During World War II, America and her allies needed to estimate the number of Panzer V tanks Germany had produced. The solution was simple: Look at the serial numbers of the captured tanks. If you assume the tanks had been sequentially numbered — as in fact they were — you could view the serial numbers of the captured tanks as random samples from the entire range. You could then use statistics to estimate the range and hence the number of tanks produced. More details available here.

A few years later America tried to use the serial number trick to estimate the number of Soviet strategic bombers. This time the trick backfired.

In 1958, American military intelligence believed the USSR would soon have four hundred Bison and three hundred Bear bombers capable of striking the American heartland. Their evidence was the high serial number of a Bison that had flown at a May Day parade in Moscow. In fact, the Soviets knew the Americans were watching, and intentionally inflated that number. — Rocket Men, page 118.

The Panzer estimate was accurate because the Allies had hundreds of data points, enough to support the assumption that the tanks were sequentially numbered and to make a good estimate of the total number.

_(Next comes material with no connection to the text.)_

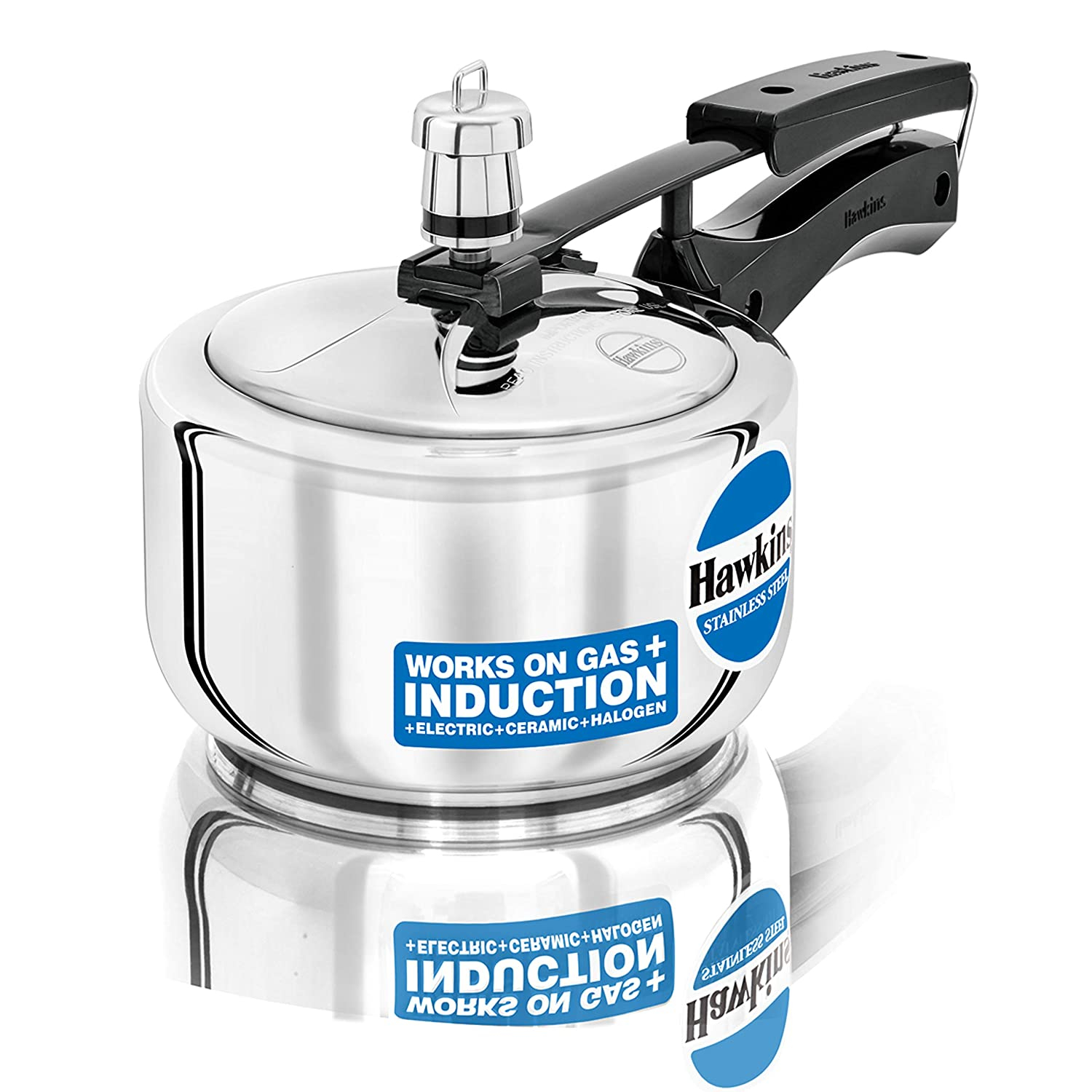 Hawkins HSS15 Stainless Steel Induction Compatible Pressure Cooker, 1.5 Litre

The Bison bomber was only one data point, but it was consistent with what intelligence services (wrongly) believed. At that time, the US had grossly over-estimated the military capabilities of the USSR. According to *Rocket Men*, Khrushchev turned down US offers to cooperate in space exploration because he feared that such cooperation would give the US a more accurate assessment of his country’s military.

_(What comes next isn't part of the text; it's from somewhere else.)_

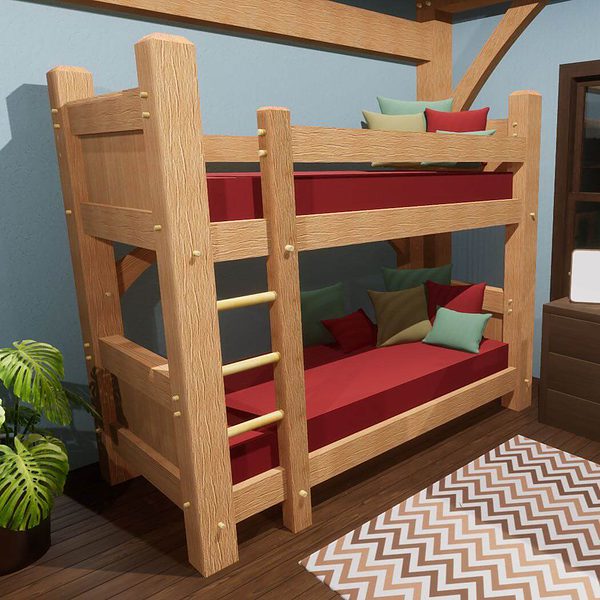 Timber Frame Twin Bunk Bed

**Related post**: Selection bias and bombers

Fascinating, I love bits of history like this.

Hi John,

why does the formula (M-1)(S+1)/S work?

S is the tank sample size and M is the maximum serial number.

Thank you,

Alessandro

Alessandro: I don’t know what criteria were used to derive that estimate, but it makes sense. The M-1 simple makes the serial numbers based at 0.

If you only have one tank, you assume it’s in the middle of the range. Of course it could be anywhere in the range, but by symmetry it seems that the middle is as good a guess as any other.

As S gets larger, (S+1)/S is essentially1, and so for a large sample, your estimate almost just the largest serial number, which would be the maximum likelihood estimate.

I think the MLE is biased and (S+1)/S is just a bias adjustment. For a uniform [0, b] variable, the maximum of S observations has a pdf of f(x) = S * b^(-S) * x^(S-1). The expectation is then just (S / (S+1)) * b. I believe this estimate is the MVUE.

c: Thanks. That sounds right.

As the topic fits so well: The National Socialist Party started counting their members with 501 in order to pretend to be bigger. Hitler was the nominal no. 555.

http://en.wikipedia.org/wiki/German_tank_problem